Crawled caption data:

* * * * *

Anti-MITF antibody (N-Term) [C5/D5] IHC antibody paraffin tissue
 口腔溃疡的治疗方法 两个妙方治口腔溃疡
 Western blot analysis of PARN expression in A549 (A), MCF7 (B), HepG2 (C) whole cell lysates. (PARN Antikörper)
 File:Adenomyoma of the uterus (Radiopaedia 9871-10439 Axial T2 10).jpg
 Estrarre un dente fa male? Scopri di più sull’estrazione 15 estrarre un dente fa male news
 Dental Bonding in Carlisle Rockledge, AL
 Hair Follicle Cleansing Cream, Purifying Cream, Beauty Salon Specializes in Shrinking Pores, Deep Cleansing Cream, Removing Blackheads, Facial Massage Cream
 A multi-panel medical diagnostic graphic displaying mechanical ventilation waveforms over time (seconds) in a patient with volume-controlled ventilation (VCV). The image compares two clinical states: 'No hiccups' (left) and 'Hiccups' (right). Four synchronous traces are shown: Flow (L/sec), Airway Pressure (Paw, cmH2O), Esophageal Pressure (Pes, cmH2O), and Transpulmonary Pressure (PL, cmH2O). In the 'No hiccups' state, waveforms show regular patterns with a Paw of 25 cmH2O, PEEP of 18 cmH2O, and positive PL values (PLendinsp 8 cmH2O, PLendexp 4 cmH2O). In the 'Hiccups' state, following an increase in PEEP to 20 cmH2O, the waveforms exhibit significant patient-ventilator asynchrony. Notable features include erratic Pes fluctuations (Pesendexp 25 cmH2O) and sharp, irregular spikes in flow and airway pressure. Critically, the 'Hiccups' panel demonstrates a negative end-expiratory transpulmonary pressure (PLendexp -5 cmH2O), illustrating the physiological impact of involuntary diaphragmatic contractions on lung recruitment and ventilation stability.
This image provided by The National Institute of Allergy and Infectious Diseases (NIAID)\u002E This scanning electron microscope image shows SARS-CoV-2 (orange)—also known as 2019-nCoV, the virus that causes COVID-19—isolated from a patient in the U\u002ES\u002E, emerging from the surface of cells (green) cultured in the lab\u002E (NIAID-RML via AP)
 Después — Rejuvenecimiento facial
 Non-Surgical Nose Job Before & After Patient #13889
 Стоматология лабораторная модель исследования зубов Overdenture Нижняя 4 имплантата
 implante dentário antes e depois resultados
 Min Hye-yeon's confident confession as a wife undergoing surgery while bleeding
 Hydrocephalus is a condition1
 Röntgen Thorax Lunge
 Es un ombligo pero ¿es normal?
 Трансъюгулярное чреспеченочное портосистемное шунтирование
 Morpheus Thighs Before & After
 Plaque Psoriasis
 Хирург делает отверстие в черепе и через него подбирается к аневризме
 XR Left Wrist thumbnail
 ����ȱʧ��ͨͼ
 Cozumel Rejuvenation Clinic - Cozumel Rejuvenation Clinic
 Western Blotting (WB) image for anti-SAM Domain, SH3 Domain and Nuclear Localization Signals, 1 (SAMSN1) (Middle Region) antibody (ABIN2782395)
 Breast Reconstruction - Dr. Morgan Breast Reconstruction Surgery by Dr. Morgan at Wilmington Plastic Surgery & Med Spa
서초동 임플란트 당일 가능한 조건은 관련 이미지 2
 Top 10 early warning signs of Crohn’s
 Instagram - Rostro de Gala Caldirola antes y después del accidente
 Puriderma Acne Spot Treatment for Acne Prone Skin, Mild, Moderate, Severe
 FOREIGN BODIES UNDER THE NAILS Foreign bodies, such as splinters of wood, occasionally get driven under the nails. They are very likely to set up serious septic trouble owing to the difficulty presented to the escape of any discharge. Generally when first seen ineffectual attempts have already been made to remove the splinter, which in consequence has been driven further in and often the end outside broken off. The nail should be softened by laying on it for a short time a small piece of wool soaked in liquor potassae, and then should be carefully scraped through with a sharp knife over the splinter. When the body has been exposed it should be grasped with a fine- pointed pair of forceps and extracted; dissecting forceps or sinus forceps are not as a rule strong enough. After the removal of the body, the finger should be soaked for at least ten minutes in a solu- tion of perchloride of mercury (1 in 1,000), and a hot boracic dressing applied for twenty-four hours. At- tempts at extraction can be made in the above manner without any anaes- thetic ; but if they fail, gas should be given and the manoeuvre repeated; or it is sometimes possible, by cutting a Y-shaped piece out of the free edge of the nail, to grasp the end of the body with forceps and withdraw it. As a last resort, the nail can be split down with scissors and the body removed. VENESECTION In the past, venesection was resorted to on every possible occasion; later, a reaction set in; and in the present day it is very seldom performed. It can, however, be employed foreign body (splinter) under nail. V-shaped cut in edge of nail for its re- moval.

* * * * *

TO DO: Could you return exactly the stretch of the data above that starts at the line with "Western blot analysis" and ends at the line with "Dental Bonding in Carlisle Rockledge, AL", both lines included?

SOLUTION TO THIS TASK:
 Western blot analysis of PARN expression in A549 (A), MCF7 (B), HepG2 (C) whole cell lysates. (PARN Antikörper)
 File:Adenomyoma of the uterus (Radiopaedia 9871-10439 Axial T2 10).jpg
 Estrarre un dente fa male? Scopri di più sull’estrazione 15 estrarre un dente fa male news
 Dental Bonding in Carlisle Rockledge, AL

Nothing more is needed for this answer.